The T.35 was the standard military gas mask of the R.E.I. (Regio esercito italiano, royal Italian army) from 1935 until the adoption of the M59.

Mask overview Edit


Internal view of the T.35

The face piece was made with stamped rubber of varying colours, which was more resistant to wear and aging than its predecessor. It has two "unbreakable" glass eye pieces that sport a metal ring each for putting on anti-fogging lenses. The exhale valve is in the front and it's covered by a removable lid for protection. The filter intake is at the bottom. The inhale valve is a rubber disc just above the filter intake. The mask uses the standard Italian five straps system, four of which are elastic.

Markings Edit


From top left to bottom right: I.A.C. , S.I.G.L.A. , Pirelli , Spasciani , Superga , Pirelli (post war production)

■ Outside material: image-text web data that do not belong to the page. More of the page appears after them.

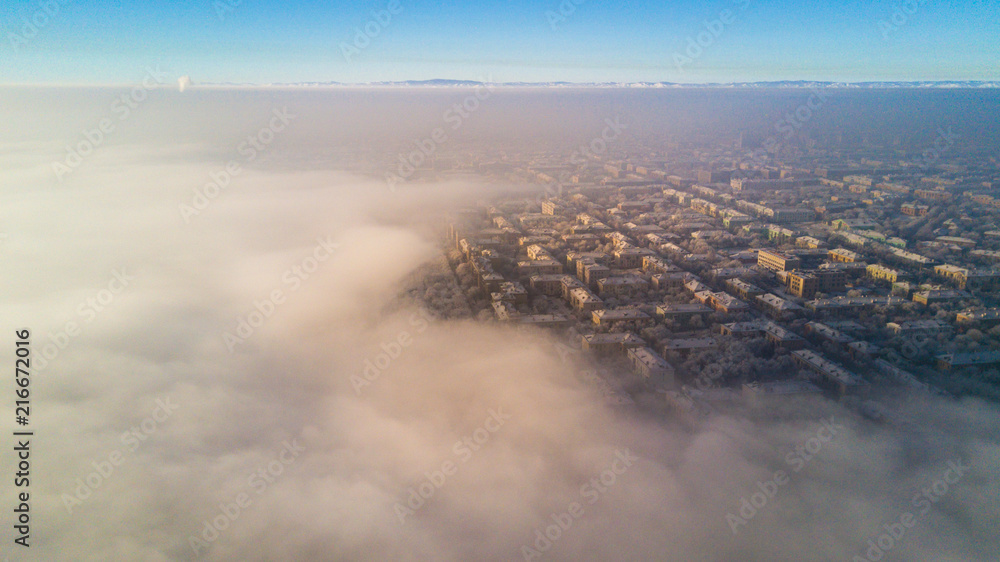 Aerial photo of city Magnitogorsk with the looming fog in the winter evening, Low lying cloud over the city Aerial photo of city Magnitogorsk with the looming fog in the winter evening, Low lying cloud over the city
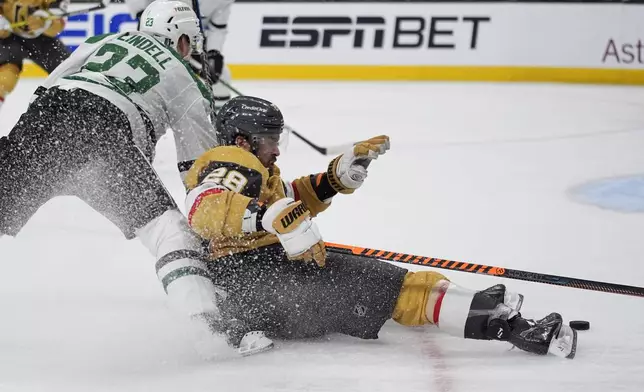 Dallas Stars defenseman Esa Lindell (23) knocks down Vegas Golden Knights left wing William Carrier (28) during the second period in Game 6 of an NHL hockey Stanley Cup first-round playoff series Friday, May 3, 2024, in Las Vegas. (AP Photo/John Locher)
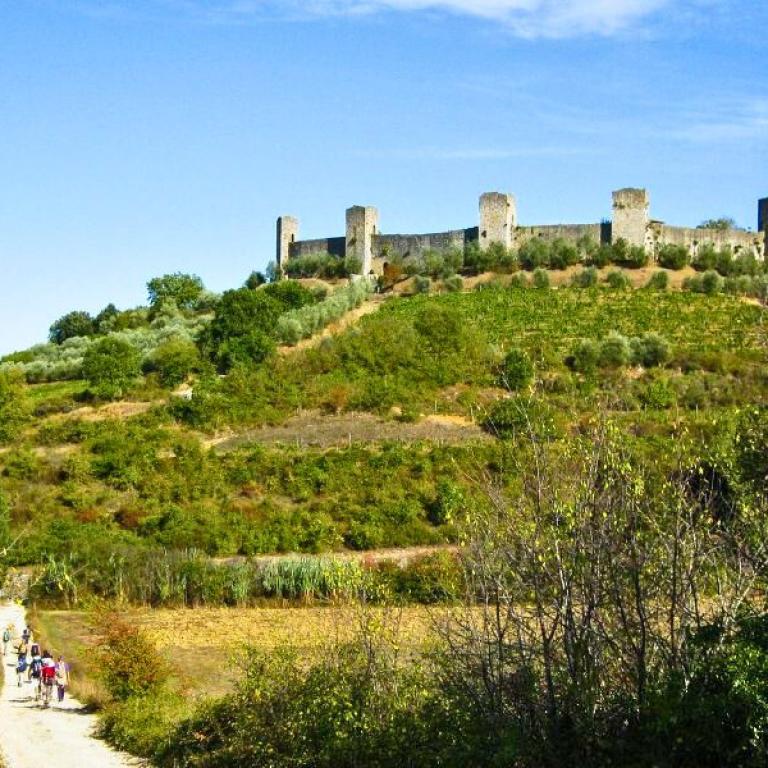 People walking on an walking path of Via Francigena toward Monteriggioni
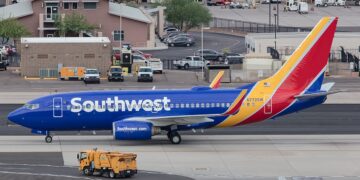 PASSENGERS PANIC AS SOUTHWEST AIRLINES PASSENGER JUMPED OUT OF THE EMERGENCY EXIT AT A LOUISIANA AIRPORT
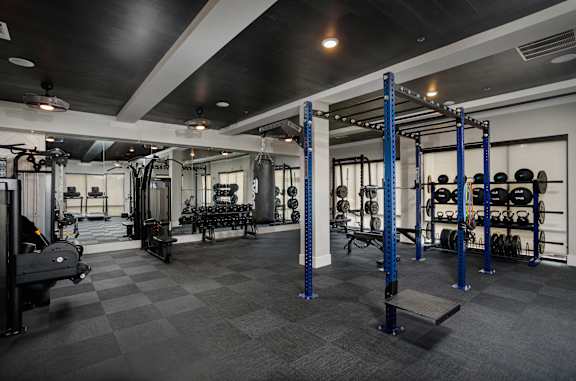 A gym with a variety of equipment including weights and a bench.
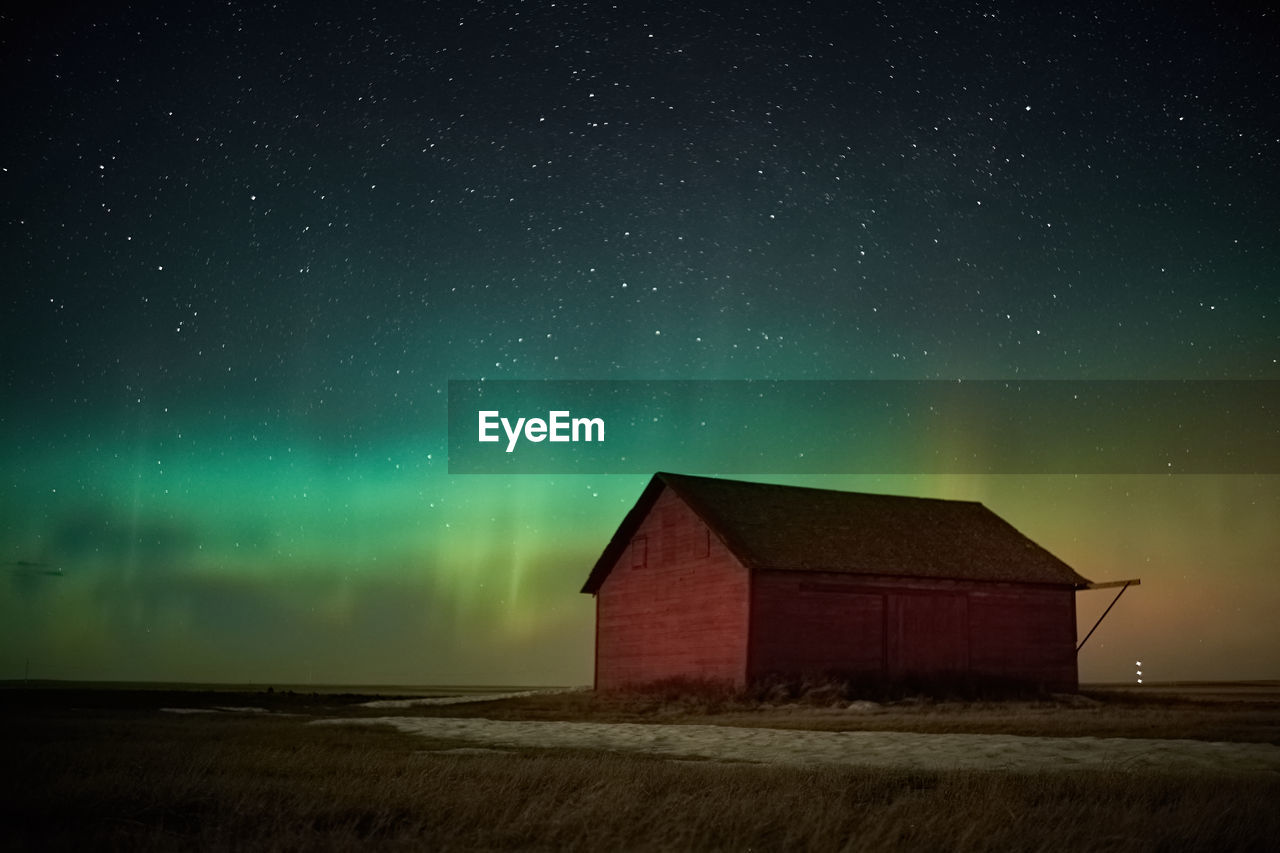 House on field against sky at night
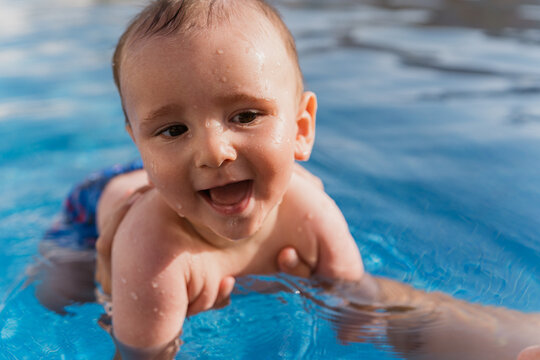 Happy baby enjoying first swimming lessons in pool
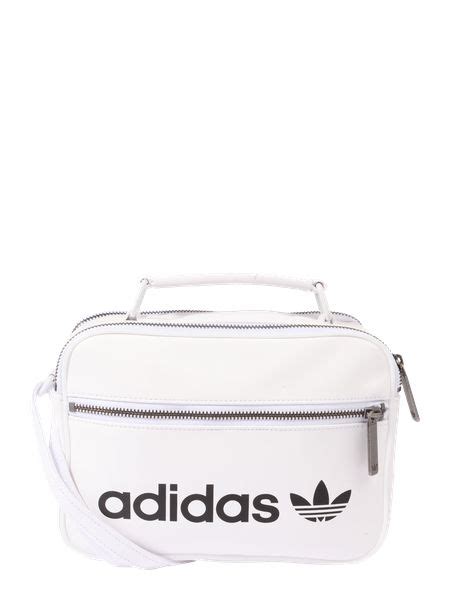 Taschen für Damen von adidas .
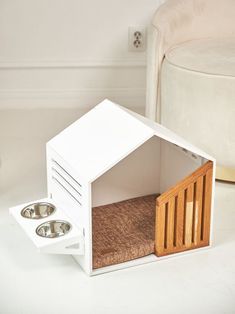 a white dog house with two bowls in it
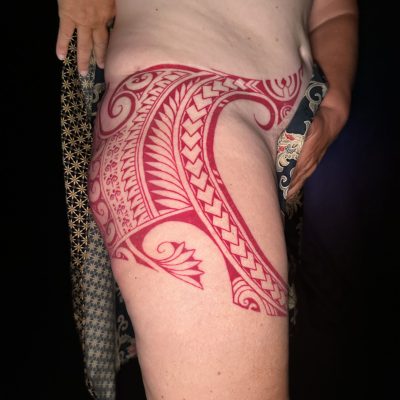 Motif polynésien fraîchement tatoué sur la hanche, vue de profil
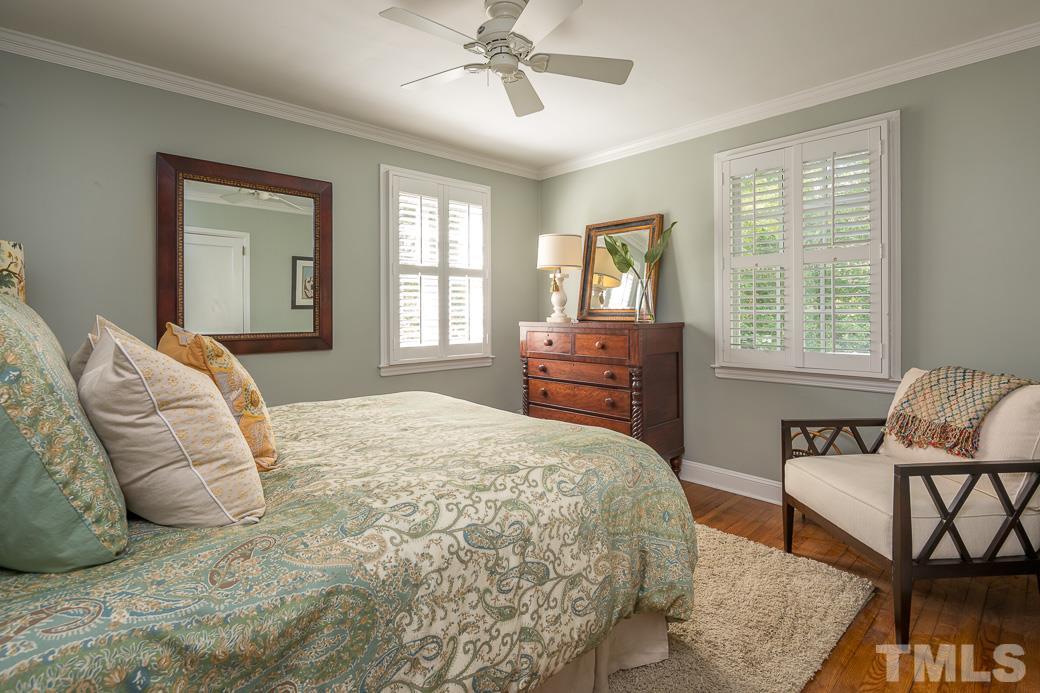 3104 Georgian Terrace Raleigh, NC 27607 - Photo 13 of 25 a bedroom with a large bed and windows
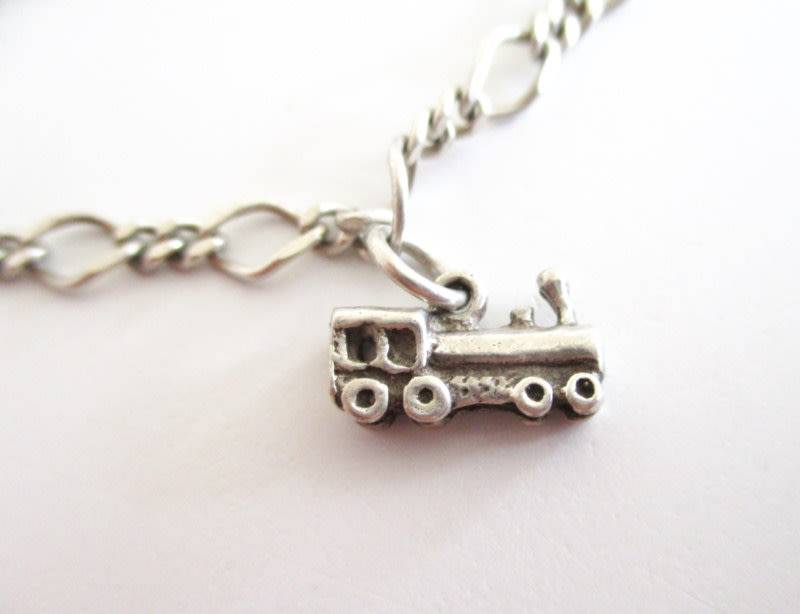 A SOLID SILVER CHARM BRACELET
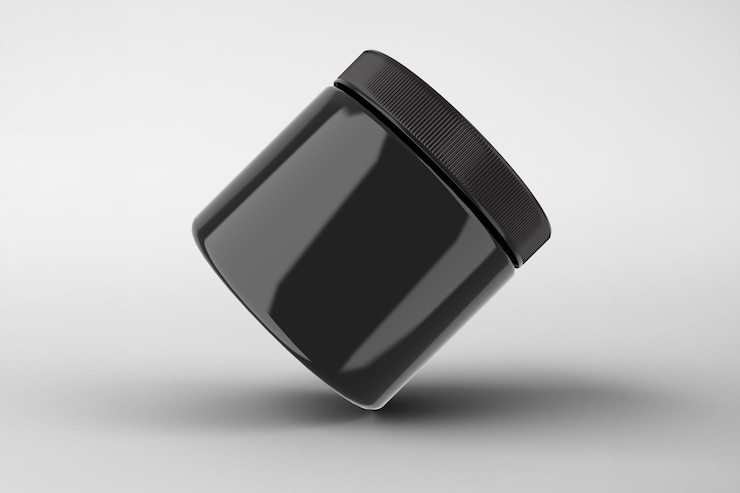 Gratis Foto zwarte cosmetische pot met een geïsoleerd deksel op een witte achtergrond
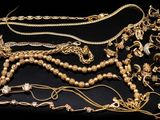 several gold necklaces and bracelets are arranged on a black surface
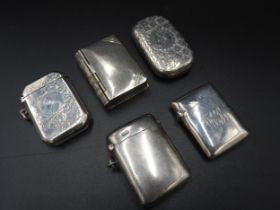 FOUR SILVER VESTA CASES AND  A WHITE METAL VESTA, the lot comprised of: a scroll foliate chased
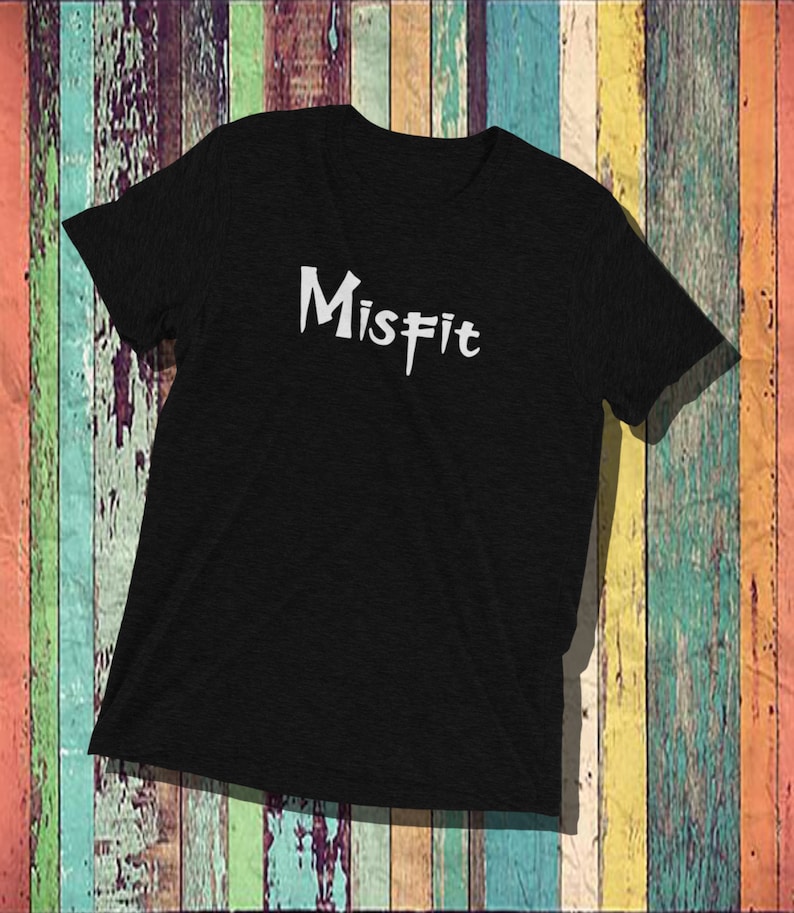May include: Black t-shirt with the word "Misfit" written in white stylized lettering.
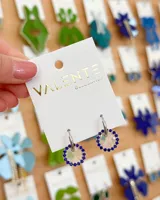 Aros de acero plateado con dije circular transparente con borde de strass azules. El diámetro del aro y del dije es de 1,5 cm.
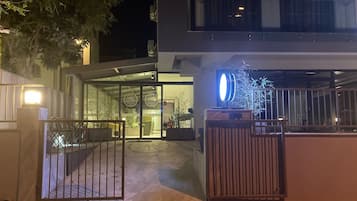 Un bâtiment moderne doté d’une entrée en verre, d’une grille métallique et d’un intérieur bien éclairé.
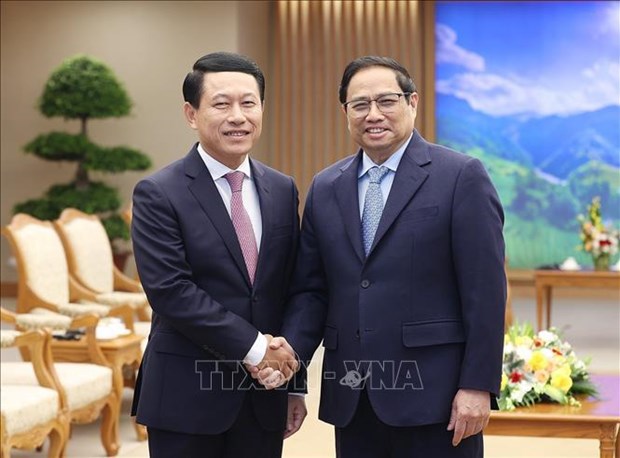 PM Pham Minh Chinh receives Lao Deputy PM, Foreign Minister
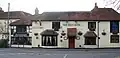 The Red Lion Pub on Village Road. There has been a pub on this site since about 1700.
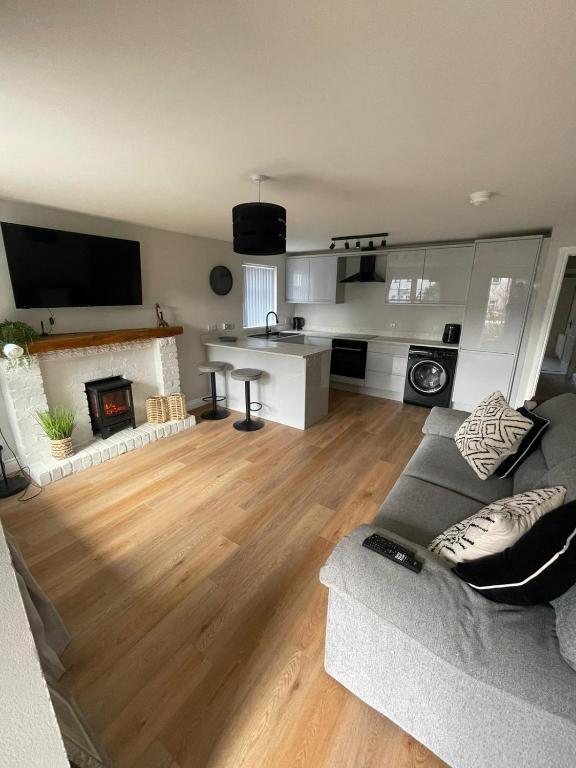 a living room with a couch and a fireplace at Luxurious apartment Gilnahirk in Belfast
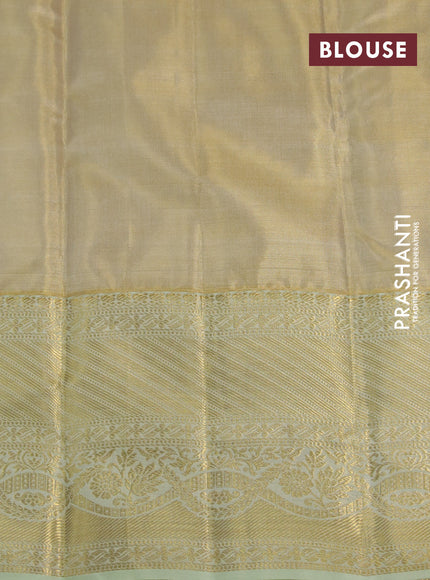 Kanchipuram tissue silk saree gold and mild pista green with allover zari woven brocade weaves and long zari woven border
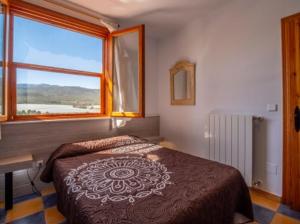 Postel nebo postele na pokoji v ubytování Casa Poniente - Casa Rural Los Cuatro Vientos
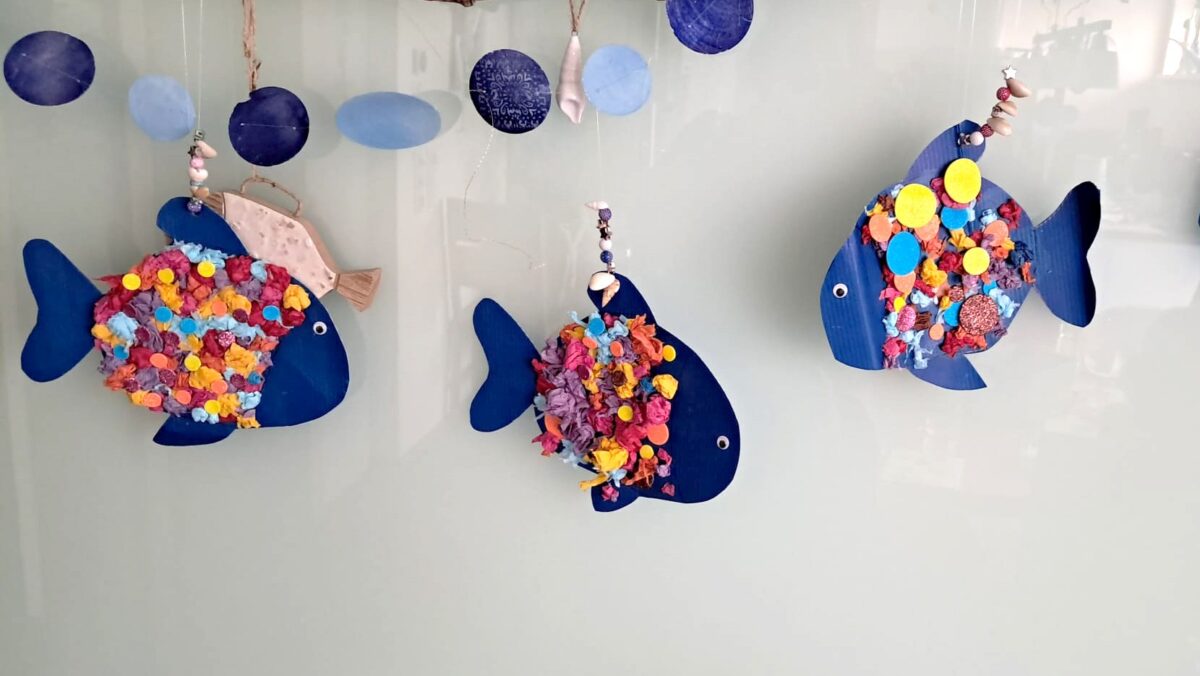 Drei Regenbogenfische aus Papier sind an einem Holzast an einer Wand befestigt. (c) KibeV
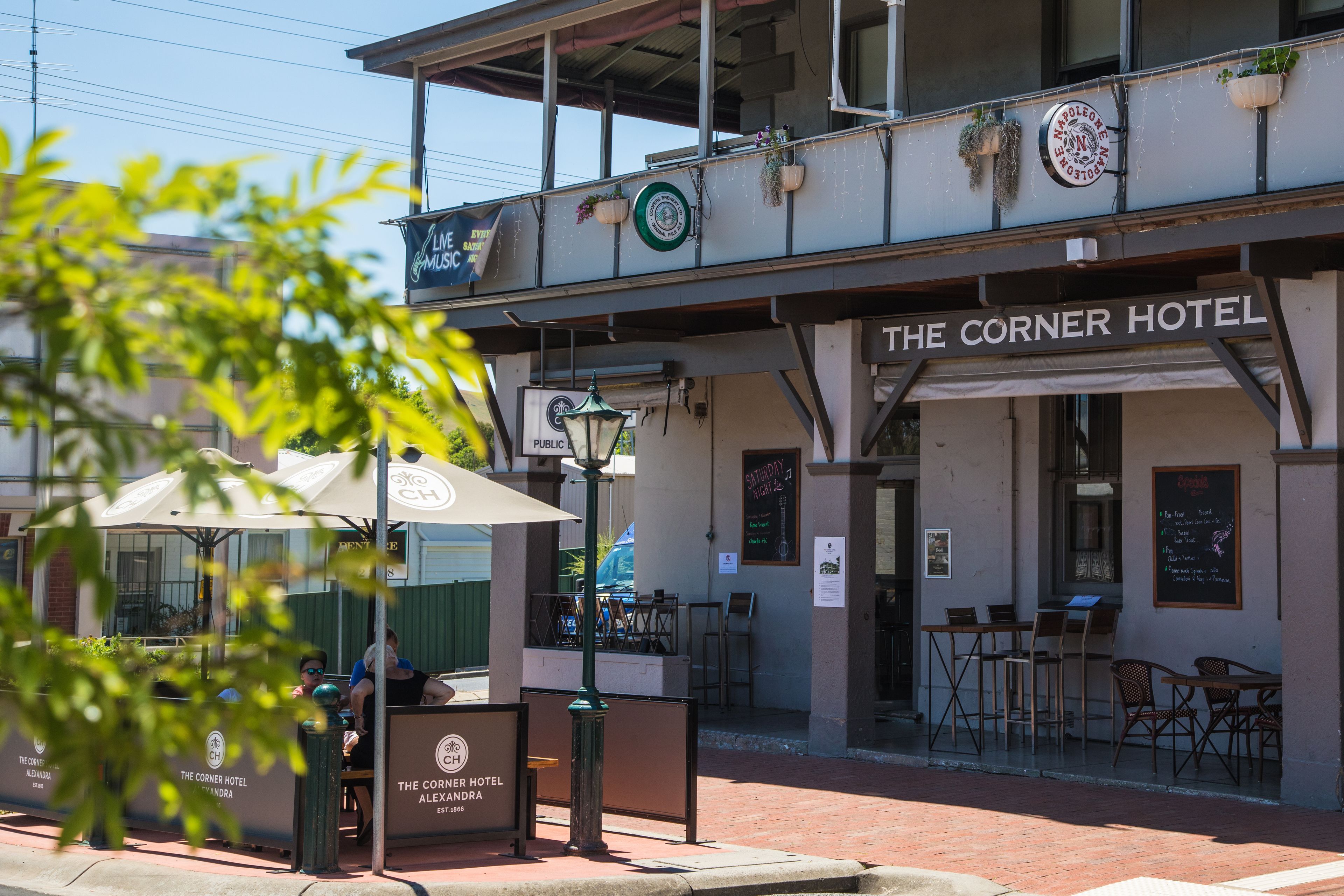The Corner Hotel with outdoor seating and a signboard.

The T.35 was produced by various companies and during multiple years. On the left side of the mask, beside the mask name, there is the company's marking and sometimes a series of dots, each one representing how many years later was the mask produced (although every mask with x dots was produced in the year 1935 + x, not all masks without dots were produced in 1935; some T.35 variants like the Rs and the post-war types follow a similar marking scheme, with the first production date different). On the right of the mask there is the register number, and on the inside, under the right eye piece there is another register number.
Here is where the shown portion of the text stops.